● **HOW TO COMPLETE THIS TASK**
When a picture appears in the listing, leave it out and copy the rest exactly as it stands.

● **STORED DATA**
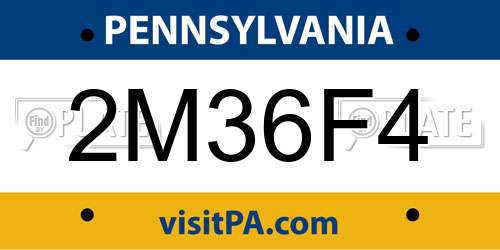 2M36F4 Pennsylvania License Plate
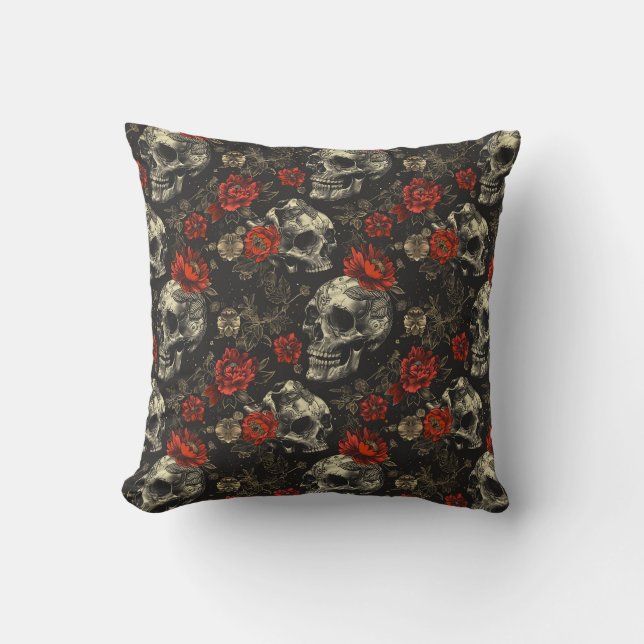 Skull Blommigt Dekorativ kudde (Framsida)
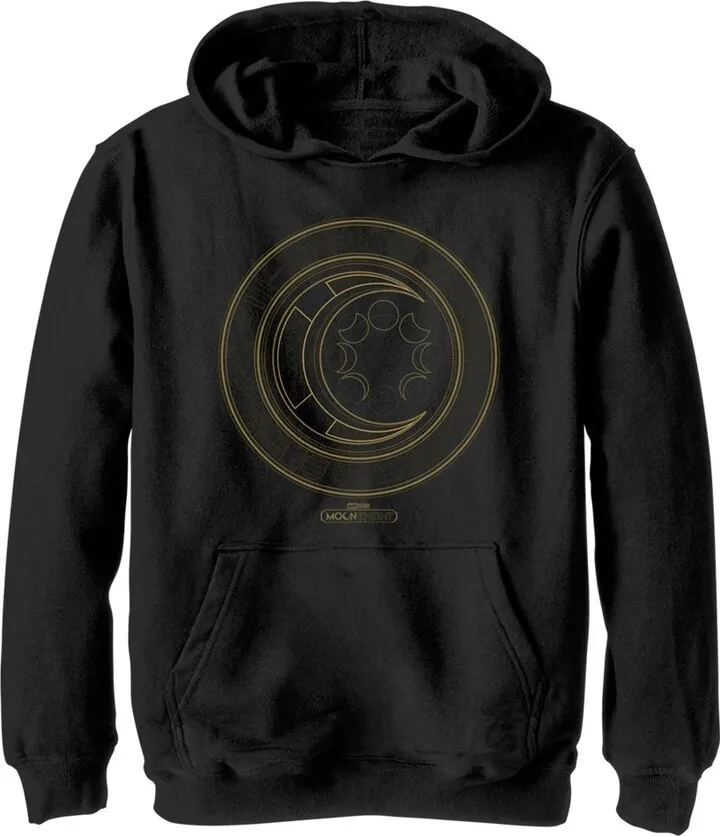 Boy's Marvel: Moon Knight Hieroglyphic Moon Phase Logo Pull Over Hoodie - Black - Medium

● **RESPONSE TO THIS TASK**
 2M36F4 Pennsylvania License Plate
 Skull Blommigt Dekorativ kudde (Framsida)
 Boy's Marvel: Moon Knight Hieroglyphic Moon Phase Logo Pull Over Hoodie - Black - Medium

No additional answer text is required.